━━━━━ GIVEN ENTRIES ━━━━━

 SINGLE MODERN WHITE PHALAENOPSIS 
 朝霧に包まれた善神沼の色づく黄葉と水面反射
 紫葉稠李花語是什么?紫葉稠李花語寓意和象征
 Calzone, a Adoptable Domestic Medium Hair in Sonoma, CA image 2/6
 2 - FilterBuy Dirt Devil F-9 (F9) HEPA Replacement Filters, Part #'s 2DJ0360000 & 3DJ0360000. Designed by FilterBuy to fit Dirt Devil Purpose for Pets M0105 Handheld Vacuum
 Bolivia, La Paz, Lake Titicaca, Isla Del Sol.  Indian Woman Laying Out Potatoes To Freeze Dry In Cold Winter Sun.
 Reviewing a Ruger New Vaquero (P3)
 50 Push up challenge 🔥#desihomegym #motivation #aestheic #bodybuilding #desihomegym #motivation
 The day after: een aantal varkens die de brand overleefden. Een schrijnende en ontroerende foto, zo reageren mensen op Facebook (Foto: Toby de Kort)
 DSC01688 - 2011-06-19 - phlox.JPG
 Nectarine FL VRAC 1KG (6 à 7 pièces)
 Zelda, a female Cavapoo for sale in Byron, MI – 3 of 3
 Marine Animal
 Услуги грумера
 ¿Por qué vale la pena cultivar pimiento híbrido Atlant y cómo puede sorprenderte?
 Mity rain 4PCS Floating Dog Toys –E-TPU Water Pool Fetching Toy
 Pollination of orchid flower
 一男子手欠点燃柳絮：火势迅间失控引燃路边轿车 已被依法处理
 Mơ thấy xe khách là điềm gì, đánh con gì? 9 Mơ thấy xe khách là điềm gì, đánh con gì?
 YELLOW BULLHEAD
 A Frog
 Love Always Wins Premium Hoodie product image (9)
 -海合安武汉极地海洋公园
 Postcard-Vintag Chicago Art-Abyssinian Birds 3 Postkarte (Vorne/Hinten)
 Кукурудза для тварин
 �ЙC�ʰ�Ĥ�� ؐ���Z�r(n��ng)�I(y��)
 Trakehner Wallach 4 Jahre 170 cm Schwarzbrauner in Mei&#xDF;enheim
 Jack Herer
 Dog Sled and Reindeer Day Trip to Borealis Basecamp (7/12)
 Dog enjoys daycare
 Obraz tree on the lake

━━━━━

- TASK TO CARRY OUT
Restate the full listing word for word, leaving out nothing.

- ANSWER TO THE EXERCISE
 SINGLE MODERN WHITE PHALAENOPSIS 
 朝霧に包まれた善神沼の色づく黄葉と水面反射
 紫葉稠李花語是什么?紫葉稠李花語寓意和象征
 Calzone, a Adoptable Domestic Medium Hair in Sonoma, CA image 2/6
 2 - FilterBuy Dirt Devil F-9 (F9) HEPA Replacement Filters, Part #'s 2DJ0360000 & 3DJ0360000. Designed by FilterBuy to fit Dirt Devil Purpose for Pets M0105 Handheld Vacuum
 Bolivia, La Paz, Lake Titicaca, Isla Del Sol.  Indian Woman Laying Out Potatoes To Freeze Dry In Cold Winter Sun.
 Reviewing a Ruger New Vaquero (P3)
 50 Push up challenge 🔥#desihomegym #motivation #aestheic #bodybuilding #desihomegym #motivation
 The day after: een aantal varkens die de brand overleefden. Een schrijnende en ontroerende foto, zo reageren mensen op Facebook (Foto: Toby de Kort)
 DSC01688 - 2011-06-19 - phlox.JPG
 Nectarine FL VRAC 1KG (6 à 7 pièces)
 Zelda, a female Cavapoo for sale in Byron, MI – 3 of 3
 Marine Animal
 Услуги грумера
 ¿Por qué vale la pena cultivar pimiento híbrido Atlant y cómo puede sorprenderte?
 Mity rain 4PCS Floating Dog Toys –E-TPU Water Pool Fetching Toy
 Pollination of orchid flower
 一男子手欠点燃柳絮：火势迅间失控引燃路边轿车 已被依法处理
 Mơ thấy xe khách là điềm gì, đánh con gì? 9 Mơ thấy xe khách là điềm gì, đánh con gì?
 YELLOW BULLHEAD
 A Frog
 Love Always Wins Premium Hoodie product image (9)
 -海合安武汉极地海洋公园
 Postcard-Vintag Chicago Art-Abyssinian Birds 3 Postkarte (Vorne/Hinten)
 Кукурудза для тварин
 �ЙC�ʰ�Ĥ�� ؐ���Z�r(n��ng)�I(y��)
 Trakehner Wallach 4 Jahre 170 cm Schwarzbrauner in Mei&#xDF;enheim
 Jack Herer
 Dog Sled and Reindeer Day Trip to Borealis Basecamp (7/12)
 Dog enjoys daycare
 Obraz tree on the lake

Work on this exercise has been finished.